[Caption-style text data]

****************

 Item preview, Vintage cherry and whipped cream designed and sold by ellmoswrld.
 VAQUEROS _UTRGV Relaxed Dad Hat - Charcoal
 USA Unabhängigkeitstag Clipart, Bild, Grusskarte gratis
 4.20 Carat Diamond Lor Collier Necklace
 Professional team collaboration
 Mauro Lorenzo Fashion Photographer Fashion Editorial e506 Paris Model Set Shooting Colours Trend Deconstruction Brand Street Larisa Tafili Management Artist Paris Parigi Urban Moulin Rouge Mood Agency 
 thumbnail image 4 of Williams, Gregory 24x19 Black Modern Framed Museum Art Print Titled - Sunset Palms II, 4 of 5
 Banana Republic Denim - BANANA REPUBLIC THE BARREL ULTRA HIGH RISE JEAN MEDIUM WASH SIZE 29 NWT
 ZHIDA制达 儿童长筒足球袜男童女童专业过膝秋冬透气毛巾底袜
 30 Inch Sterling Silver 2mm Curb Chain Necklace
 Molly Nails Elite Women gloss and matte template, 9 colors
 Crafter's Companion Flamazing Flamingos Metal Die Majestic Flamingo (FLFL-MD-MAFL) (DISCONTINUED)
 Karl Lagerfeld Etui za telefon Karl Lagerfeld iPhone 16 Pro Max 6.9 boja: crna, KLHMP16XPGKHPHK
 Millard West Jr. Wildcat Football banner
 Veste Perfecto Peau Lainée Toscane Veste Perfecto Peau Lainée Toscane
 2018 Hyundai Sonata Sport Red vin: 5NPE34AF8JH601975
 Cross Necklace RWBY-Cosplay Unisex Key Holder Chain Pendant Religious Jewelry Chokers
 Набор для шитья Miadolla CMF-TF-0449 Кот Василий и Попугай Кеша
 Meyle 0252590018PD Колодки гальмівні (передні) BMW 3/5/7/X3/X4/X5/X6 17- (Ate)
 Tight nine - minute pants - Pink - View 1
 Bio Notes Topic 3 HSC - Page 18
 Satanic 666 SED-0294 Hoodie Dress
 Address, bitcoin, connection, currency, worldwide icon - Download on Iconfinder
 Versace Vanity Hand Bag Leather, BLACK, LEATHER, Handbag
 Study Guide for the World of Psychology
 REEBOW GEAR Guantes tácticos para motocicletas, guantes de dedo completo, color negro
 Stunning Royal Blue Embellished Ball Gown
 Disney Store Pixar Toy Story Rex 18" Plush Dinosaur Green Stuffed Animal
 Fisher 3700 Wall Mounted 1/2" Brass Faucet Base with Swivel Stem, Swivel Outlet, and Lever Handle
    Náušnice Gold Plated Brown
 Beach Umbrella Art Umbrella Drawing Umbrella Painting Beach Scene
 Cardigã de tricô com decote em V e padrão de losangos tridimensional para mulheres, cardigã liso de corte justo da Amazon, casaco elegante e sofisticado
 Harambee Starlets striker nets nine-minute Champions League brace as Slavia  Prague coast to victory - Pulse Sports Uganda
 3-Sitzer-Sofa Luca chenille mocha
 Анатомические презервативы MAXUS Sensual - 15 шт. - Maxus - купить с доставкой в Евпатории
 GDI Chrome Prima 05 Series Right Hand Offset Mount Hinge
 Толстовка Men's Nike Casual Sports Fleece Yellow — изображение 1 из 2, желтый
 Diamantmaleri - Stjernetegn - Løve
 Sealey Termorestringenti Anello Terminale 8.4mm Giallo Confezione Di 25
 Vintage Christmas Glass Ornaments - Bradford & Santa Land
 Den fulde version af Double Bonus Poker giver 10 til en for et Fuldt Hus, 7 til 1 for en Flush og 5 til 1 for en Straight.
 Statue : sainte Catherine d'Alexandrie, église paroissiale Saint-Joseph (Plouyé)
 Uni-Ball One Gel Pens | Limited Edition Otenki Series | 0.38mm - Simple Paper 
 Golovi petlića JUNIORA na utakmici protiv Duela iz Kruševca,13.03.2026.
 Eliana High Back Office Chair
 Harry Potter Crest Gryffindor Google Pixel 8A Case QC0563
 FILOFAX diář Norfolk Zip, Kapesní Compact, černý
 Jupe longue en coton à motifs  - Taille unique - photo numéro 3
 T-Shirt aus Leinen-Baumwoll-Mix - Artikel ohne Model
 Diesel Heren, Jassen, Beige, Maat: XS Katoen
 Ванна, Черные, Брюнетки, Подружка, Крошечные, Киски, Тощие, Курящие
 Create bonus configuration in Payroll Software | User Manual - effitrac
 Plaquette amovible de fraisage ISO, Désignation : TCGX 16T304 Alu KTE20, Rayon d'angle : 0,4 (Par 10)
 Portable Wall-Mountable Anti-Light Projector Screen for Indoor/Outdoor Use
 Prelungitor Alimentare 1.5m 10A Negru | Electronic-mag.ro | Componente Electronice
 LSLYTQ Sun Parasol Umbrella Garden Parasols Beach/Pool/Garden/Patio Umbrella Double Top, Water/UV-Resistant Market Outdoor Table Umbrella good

****************

=== Problem to solve ===
Every entry, from the first line to the last, should be retyped exactly.

=== Solution to this exercise ===
 Item preview, Vintage cherry and whipped cream designed and sold by ellmoswrld.
 VAQUEROS _UTRGV Relaxed Dad Hat - Charcoal
 USA Unabhängigkeitstag Clipart, Bild, Grusskarte gratis
 4.20 Carat Diamond Lor Collier Necklace
 Professional team collaboration
 Mauro Lorenzo Fashion Photographer Fashion Editorial e506 Paris Model Set Shooting Colours Trend Deconstruction Brand Street Larisa Tafili Management Artist Paris Parigi Urban Moulin Rouge Mood Agency 
 thumbnail image 4 of Williams, Gregory 24x19 Black Modern Framed Museum Art Print Titled - Sunset Palms II, 4 of 5
 Banana Republic Denim - BANANA REPUBLIC THE BARREL ULTRA HIGH RISE JEAN MEDIUM WASH SIZE 29 NWT
 ZHIDA制达 儿童长筒足球袜男童女童专业过膝秋冬透气毛巾底袜
 30 Inch Sterling Silver 2mm Curb Chain Necklace
 Molly Nails Elite Women gloss and matte template, 9 colors
 Crafter's Companion Flamazing Flamingos Metal Die Majestic Flamingo (FLFL-MD-MAFL) (DISCONTINUED)
 Karl Lagerfeld Etui za telefon Karl Lagerfeld iPhone 16 Pro Max 6.9 boja: crna, KLHMP16XPGKHPHK
 Millard West Jr. Wildcat Football banner
 Veste Perfecto Peau Lainée Toscane Veste Perfecto Peau Lainée Toscane
 2018 Hyundai Sonata Sport Red vin: 5NPE34AF8JH601975
 Cross Necklace RWBY-Cosplay Unisex Key Holder Chain Pendant Religious Jewelry Chokers
 Набор для шитья Miadolla CMF-TF-0449 Кот Василий и Попугай Кеша
 Meyle 0252590018PD Колодки гальмівні (передні) BMW 3/5/7/X3/X4/X5/X6 17- (Ate)
 Tight nine - minute pants - Pink - View 1
 Bio Notes Topic 3 HSC - Page 18
 Satanic 666 SED-0294 Hoodie Dress
 Address, bitcoin, connection, currency, worldwide icon - Download on Iconfinder
 Versace Vanity Hand Bag Leather, BLACK, LEATHER, Handbag
 Study Guide for the World of Psychology
 REEBOW GEAR Guantes tácticos para motocicletas, guantes de dedo completo, color negro
 Stunning Royal Blue Embellished Ball Gown
 Disney Store Pixar Toy Story Rex 18" Plush Dinosaur Green Stuffed Animal
 Fisher 3700 Wall Mounted 1/2" Brass Faucet Base with Swivel Stem, Swivel Outlet, and Lever Handle
    Náušnice Gold Plated Brown
 Beach Umbrella Art Umbrella Drawing Umbrella Painting Beach Scene
 Cardigã de tricô com decote em V e padrão de losangos tridimensional para mulheres, cardigã liso de corte justo da Amazon, casaco elegante e sofisticado
 Harambee Starlets striker nets nine-minute Champions League brace as Slavia  Prague coast to victory - Pulse Sports Uganda
 3-Sitzer-Sofa Luca chenille mocha
 Анатомические презервативы MAXUS Sensual - 15 шт. - Maxus - купить с доставкой в Евпатории
 GDI Chrome Prima 05 Series Right Hand Offset Mount Hinge
 Толстовка Men's Nike Casual Sports Fleece Yellow — изображение 1 из 2, желтый
 Diamantmaleri - Stjernetegn - Løve
 Sealey Termorestringenti Anello Terminale 8.4mm Giallo Confezione Di 25
 Vintage Christmas Glass Ornaments - Bradford & Santa Land
 Den fulde version af Double Bonus Poker giver 10 til en for et Fuldt Hus, 7 til 1 for en Flush og 5 til 1 for en Straight.
 Statue : sainte Catherine d'Alexandrie, église paroissiale Saint-Joseph (Plouyé)
 Uni-Ball One Gel Pens | Limited Edition Otenki Series | 0.38mm - Simple Paper 
 Golovi petlića JUNIORA na utakmici protiv Duela iz Kruševca,13.03.2026.
 Eliana High Back Office Chair
 Harry Potter Crest Gryffindor Google Pixel 8A Case QC0563
 FILOFAX diář Norfolk Zip, Kapesní Compact, černý
 Jupe longue en coton à motifs  - Taille unique - photo numéro 3
 T-Shirt aus Leinen-Baumwoll-Mix - Artikel ohne Model
 Diesel Heren, Jassen, Beige, Maat: XS Katoen
 Ванна, Черные, Брюнетки, Подружка, Крошечные, Киски, Тощие, Курящие
 Create bonus configuration in Payroll Software | User Manual - effitrac
 Plaquette amovible de fraisage ISO, Désignation : TCGX 16T304 Alu KTE20, Rayon d'angle : 0,4 (Par 10)
 Portable Wall-Mountable Anti-Light Projector Screen for Indoor/Outdoor Use
 Prelungitor Alimentare 1.5m 10A Negru | Electronic-mag.ro | Componente Electronice
 LSLYTQ Sun Parasol Umbrella Garden Parasols Beach/Pool/Garden/Patio Umbrella Double Top, Water/UV-Resistant Market Outdoor Table Umbrella good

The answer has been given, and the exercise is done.